The ShapeImage both combines shapes and adds noise to the image.
You can make either single shape images, or add many together.
shape_image = ShapeImage(
image_shape=(28,28),
object_noise_level=0.2
) # Add .2 sigma of guassian noise
# A single rectangle in a noisy image
noisy_rectangle = shape_image.combine_objects(
objects=["rectangle"],
instance_params={},
object_params={} # Using all the default values
)
plt.imshow(noisy_rectangle)
<matplotlib.image.AxesImage at 0x14853afe0>
# An image with both noise and multiple shapes
noisy_rectange = shape_image.combine_objects(
objects=["ellipse", "rectangle"],
instance_params=[{},{}],
object_params=[
{"center":(14,10), "fill":True}, # The circle parameters
{"center":(14,18)} # The rectangle parameters
]
)
plt.imshow(noisy_rectange)
<matplotlib.image.AxesImage at 0x14877caf0>
Using a collection¶
If you want to do this same thing, but keep track of the parameters and the default values, we recommend you use a Collection.

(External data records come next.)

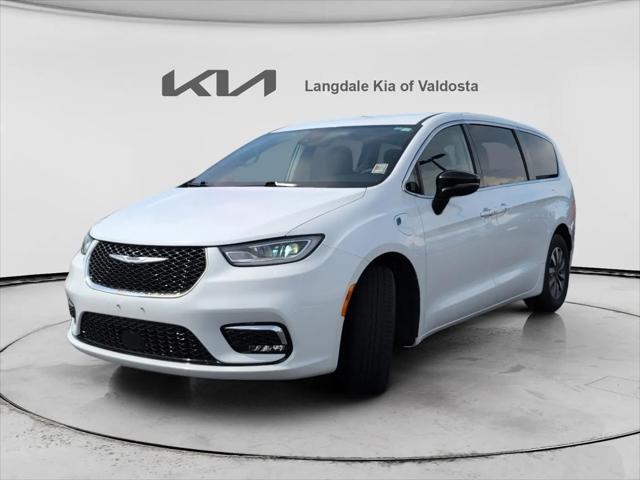 2024 Chrysler Pacifica Hybrid Select
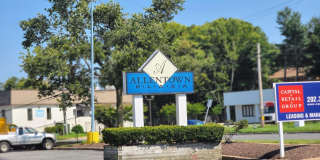 5852-5854 ALLENTOWN Way Gallery 6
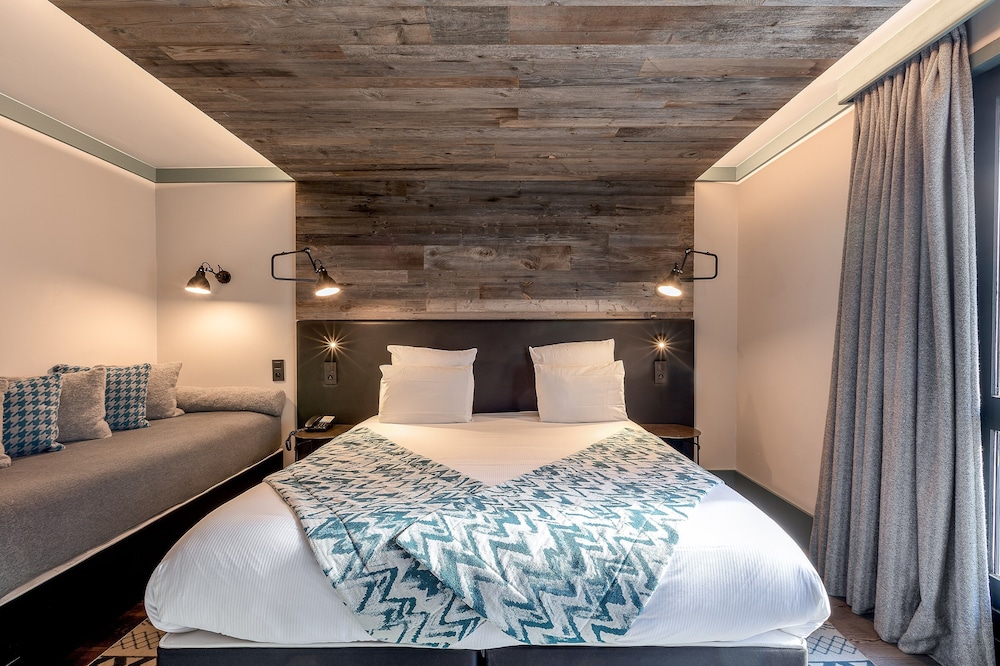 Classic Double Room, City View - Photo 3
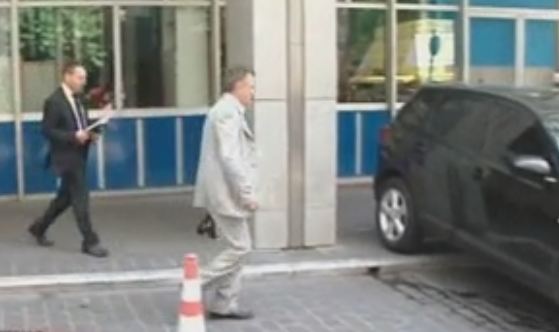 Η τρόικα δεν θα φύγει αν δεν «κλείσει» το πακέτο των 11,5 δισ. ευρώ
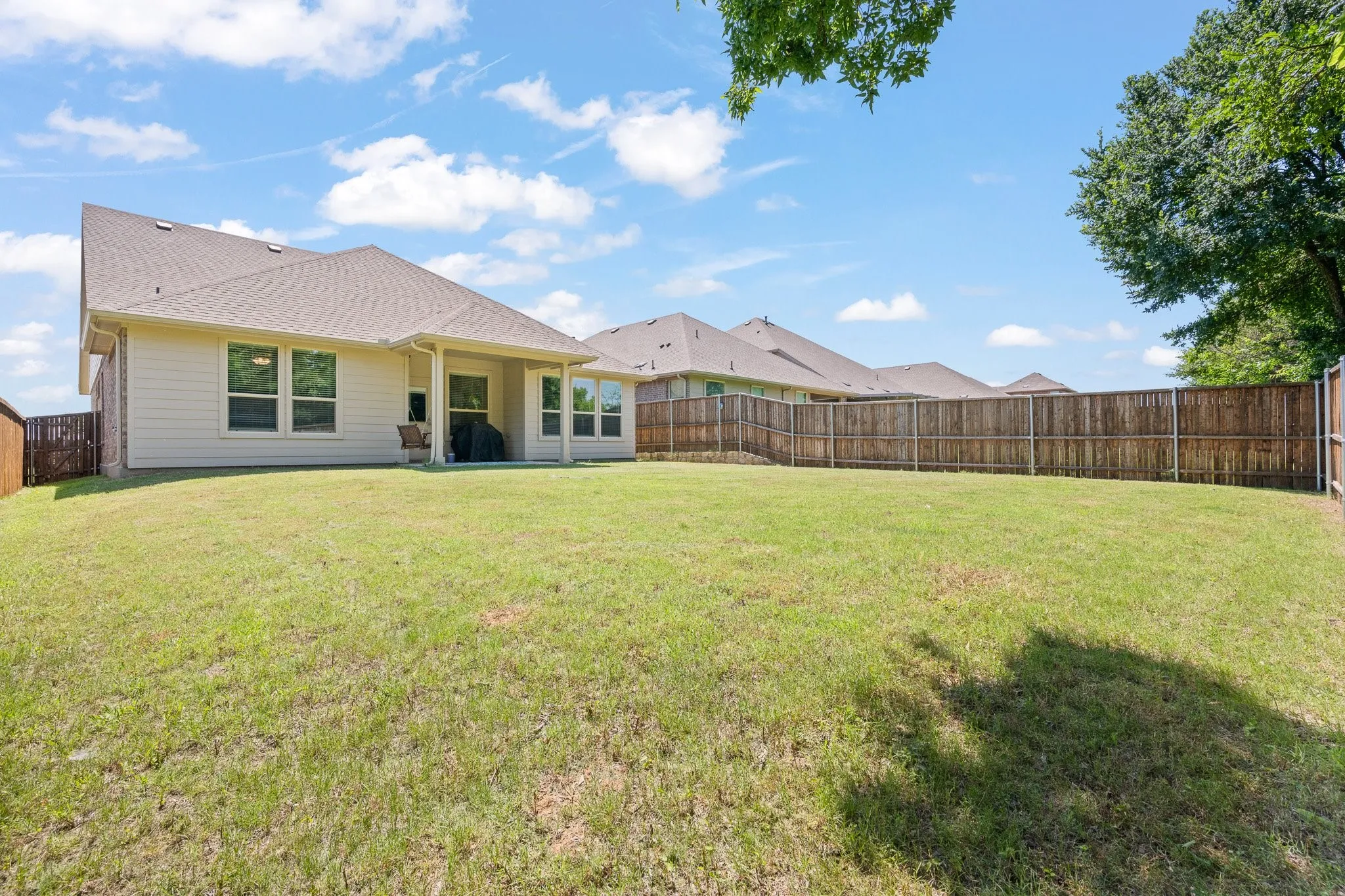 Single Family Residence For Sale in Denton County , 5709 Round Hill Road, Denton, Texas 76210, 4 Bedroom, 2 Bathroom, 2 Garage spaces, 1,845 Sqft, built in 2023, Preowned, mls#20971310, Real Estate Agent in Denton, Homes For Sale in Denton county, Homes For Sale in Denton, Realtor in Denton Texas, Real Estate Brokerage Independent Realty Texas, Luminita Cordes Realtor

This has a similar interface to the Image type objects, but work through initializing the Collection with the full parameters of your dataset.
import numpy as np
shape_config = {
"object_type": "shape", # Defines that this is a shape module
"object_name": "ShapeImage", # Class used to generate the image
"total_runs": 1,
"image_parameters": {
"image_shape": (28, 28),
"object_noise_level": 0.2 # Collection noise level
},
"object_parameters": {
"rectangle": { # First object in the image
"object": {
"width": np.random.default_rng().integers(2, 28),
"height": np.random.default_rng().integers(2, 28),
"fill": True
},
"instance": {}
},
"arc":{ # Second object in the image
"object": {
"radius": np.random.default_rng().integers(2, 6),
"theta1":np.random.default_rng().integers(0, 20),
"theta2":np.random.default_rng().integers(60, 180)
},
"instance":{}
}}
}
shape_collection = Collection(object_config=shape_config) # initalize
shape_collection() # generate the images
plt.imshow(shape_collection.objects[0]) # First and only image in the collection
plt.show()
shape_collection.object_params[0]
{'object_noise_type': 'gaussian',
'object_noise_level': 0.2,
'seed': 241557,
'rectangle': {'object': {'width': 16, 'height': 24, 'fill': True},
'instance': {}},
'arc': {'object': {'radius': 3, 'theta1': 5, 'theta2': 129}, 'instance': {}},
'image_shape': (28, 28)}